INTEL IS FINALLY starting to talk about the upcoming Poulson chip, the first real update to the Itanium architecture in years. While the chip may be huge and technically complex, it is hard to see anyone other than die-hard HP big iron shops actually caring.
For those of you not following the Itanium market closely, Tukwila, the last of the old generation, finally shipped in Q1 of 2010. It brought one big advance to the table, CSI/QPI, meaning a mostly common platform with Xeons. While the platform might be common, that does not mean compatible, and certainly not interchangable. It will save a lot on parts sourcing and system design though.
Itanium is meant for big iron, mainly mainframe and mission critical computing capabilities, think big and very expensive boxes. It has taken that market by storm, and by that market, I mean replaced HP’s in-house chips that were discontinued for the customers not smart enough to flee lock-in. The rest of the world seems to have ignored the line, with the few vendors that have tried to use it backpedaling in a hurry.
The newest chip, Poulson, seems to carry on several Itanium themes while shedding one big one. Like it’s predecessors, Poulson is huge, 588mm^2 including 8 of the new cores. Unlike pretty much every other Itanium though, this one is not on a trailing edge process, it is on the current state of the art 32nm node, two up from the older 65nm Tukwila/9300.
Update: Intel says that the actual die sie is 544mm^2. On the call, it was said to be 588mm^2 as others have also reported.
Yet another Itanium theme that Poulson uses to it’s advantage is the familiar huge caches. Poulson has a rather astounding 54MB of on-die caches, spread over many different types. This allows the chip to support tons of threads without stalling the in-order architecture. If you want to succeed in the markets that Poulson is aimed at, you unquestionably need massive caches like it has.

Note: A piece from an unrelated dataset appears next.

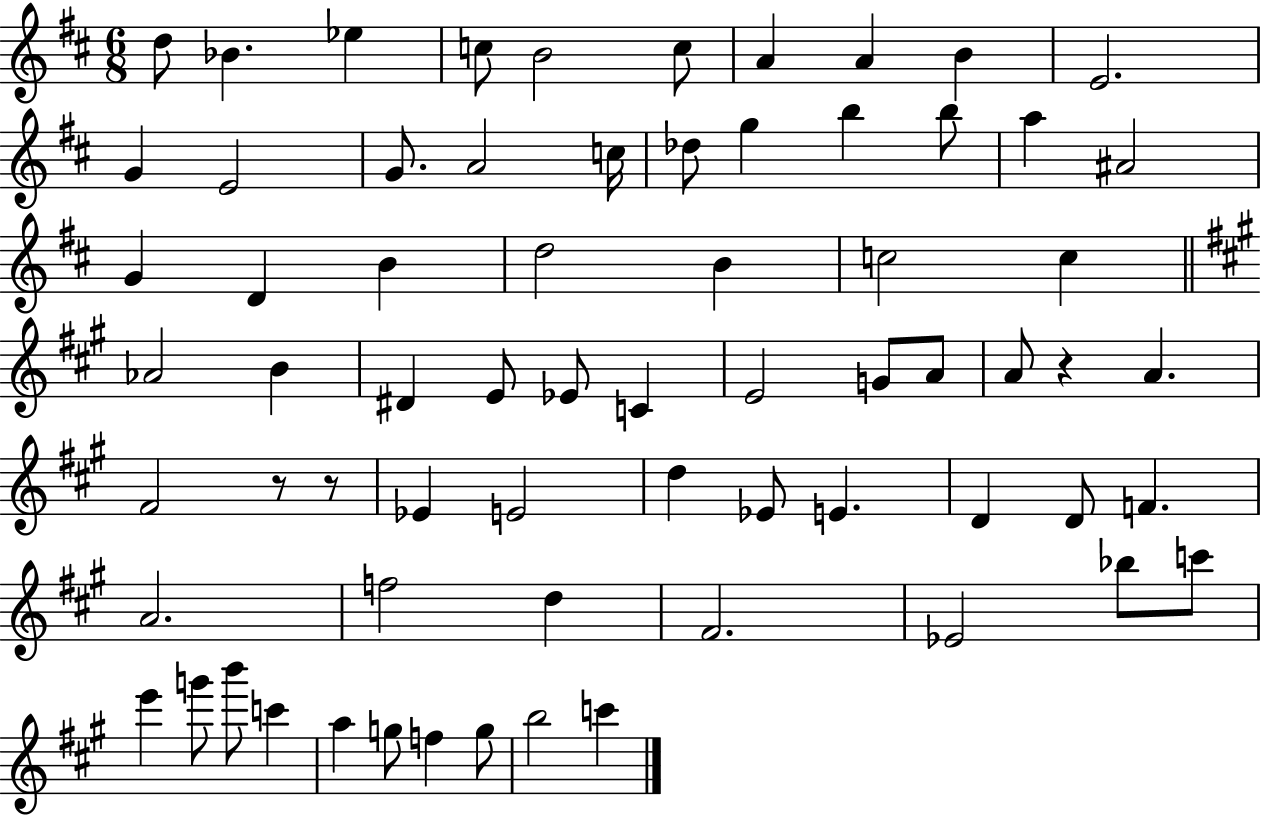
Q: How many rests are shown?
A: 3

Intel was very non-specific about what the caches were, but a few bits came out. First is that there are two large directory caches, quite likely one big logical cache, that are each nearly the size of a core. These are very likely multiple megabytes in size, and necessary for the core counts Poulson systems will scale too. It was also mentioned, very confusingly, that there is a 256K directory and 512K data cache, but not clarified is if it is per-core or per chip. It is almost assuredly per core, but that is not guaranteed. The L3 cache was unspecified but is undoubtedly tens of megabytes.
A single Poulson Core
Poulson consists of 3.1 Billion transistors, has new pipelines, caches and everything else you would expect from a new architecture. Intel went out of their way to point out that the Int and FP pipes are all new, something you would expect from a change like this.
The most dramatic difference was Intel changing the instruction bundle width from 6 to 12 wide. If you remember, the promise of Itanium was that it would be a relatively simple, don’t say stupid or the three fanbois will get petulant, chip that pawned off work to the compiler. The idea was that the compiler smarts would not have to be replicated in silicon leading to simpler and more efficient hardware. To say it failed miserably would be an understatement, but a few diehards keep the embers of hope smoking if not glowing.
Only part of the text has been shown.